The use of the cone-beam computed tomography to diagnose periapical cemento-osseous dysplasia allows a more accurate study of the lesions, mainly of the localisation regarding the roots and condition of the cortical bone, periodontal ligament, and lamina dura [5,12]. In our case report, the tomographic examination was of extreme value in the observation of how the cortical bone was being resorbed by the lesion in the labial-palatal direction. This characteristic reveals an atypical and rare manifestation of periapical dysplasia, which could not be seen in the panoramic radiograph.

The differential diagnosis is dependent on the developmental stage of the lesion. For instance, when the lesion is in the mature stage, the differential diagnosis might be cemento-ossifying fibroma, Paget disease [13], chronic osteomyelitis [14], and cementoma [15]. The diagnosis of the case reported in this study was challenging, since the tooth affected by the lesion had already received endodontic treatment, and vitality tests were no longer useful. The final diagnosis was based on clinical, histologic, and imaging features of the case. Cases of periapical cemento-osseous dysplasia does not require treatment, and only clinical follow-up is advised.

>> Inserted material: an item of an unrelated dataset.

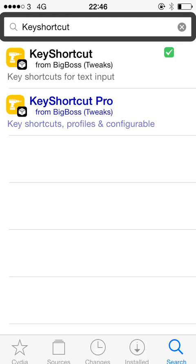Hi Dave here again with another jailbreak tweak, this one is called KeyShortcut and what it allows you to do is use shortcuts on your keyboard in order to carry out commands like select all, cut, copy and paste.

However, since this case presented an aggressive behaviour, incisional biopsy was preceded for a better diagnosis and follow-up.

Conclusion

This paper shows a rare case of periapical cemento-osseous dysplasia involving the anterior maxilla with signs of bone expansion and root resorption, which could only be diagnosed through the association of clinical, histological and imaging findings.